Lejos de quienes de forma absurda creen que el presidente debió "poner en su lugar" o incluso insultar a su invitado, los errores múltiples se evidencian por otro lado. Al haber invitado a una persona que simboliza todo aquello que los mexicanos repudian de Estados Unidos: el racismo, la xenofobia, la bravuconearía y la falta de respeto por sus vecinos. Al haber aceptado las condiciones impuestas por el equipo de campaña del señor Trump y haber permitido que viniera antes de que la candidata demócrata Hillary Clinton confirmara su visita. Al haberle dado trato de jefe de Estado a quien hoy no cuenta con representación oficial alguna. Al haber ofrecido uno de los discursos más ambiguos y anodinos frente a él y la nación cuando lo que se requería era firmeza y claridad, que no es lo mismo que estridencia ni altisonancia. Al haber permitido que el señor Trump se adueñara de la rueda de prensa. Al haber defendido una postura indefendible y terminar obligando a renunciar al artífice del encuentro, el secretario de Hacienda, Luis Videgaray. En suma, una pifia tras otra.
Poco antes de este incidente, las encuestas daban al presidente Peña Nieto el nivel más bajo de aprobación de un mandatario mexicano. No es aventurado pensar que después de lo que muchos ya consideran un "error histórico", la gestión del mexiquense caerá aún más en las encuestas, lo que significaría que su nivel de aprobación estaría muy por debajo del piso de votación de su partido. Lo más fácil es sumarse a la burla, a los memes, al "pendejeo" como se vio en el Senado, al corifeo de leñadores del árbol caído, a la exigencia de "renuncia y ya" o, incluso, al oportunismo electorero. Pero el problema es mucho más profundo y grave. A nadie en México beneficia una Presidencia tan débil como la que Peña Nieto, con todo y sus disculpas, ha deconstruido. Mucho menos ahora que la victoria de Donald Trump es cada vez menos improbable. Pero su salida no acabaría con el mal que aqueja a la institución. En todo caso, apenas sería un primer paso. Un paso que, de quedarse sólo en eso, acarrearía más problemas que soluciones.

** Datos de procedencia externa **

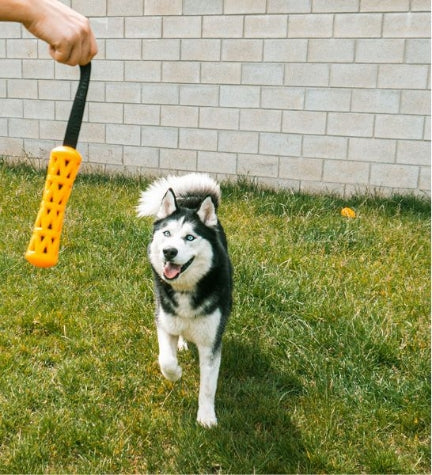 ebi Bite Me 'Crack Me Up' Stick Sensory Dog Toy - ORANGE/36X4X4CM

Hoy más que nunca es necesaria una reforma a fondo del Estado mexicano. Una reforma que fortalezca las instituciones desde abajo. Que incremente la representatividad de la ciudadanía en los órganos de gobierno. Que aumente las capacidades de fiscalización y rendición de cuentas. Que acote la discrecionalidad en el ejercicio público. Que impulse un verdadero federalismo en donde los ayuntamientos, el nivel de gobierno más cercano a la ciudadanía, cuenten con mayores facultades y más mecanismos de vigilancia y participación ciudadana. Que obligue al presidente a escuchar la voz de la sociedad. Que proteja a la investidura de los llamados poderes fácticos. Que le impida gobernar para o por el privilegio de unos cuantos. Que le dé al Congreso de la Unión mayor legitimidad y capacidad para legislar atendiendo a las necesidades reales y prioritarias de sus representados. Que limpie al Poder Judicial de la corrupción que lo carcome. Que haga posibles figuras como el referéndum, el plebiscito, la consulta. En suma, que profundice la democracia en el Estado. Sólo así pudiéramos mirar a la Presidencia de la República con una sensación mucho menor de pena y vergüenza.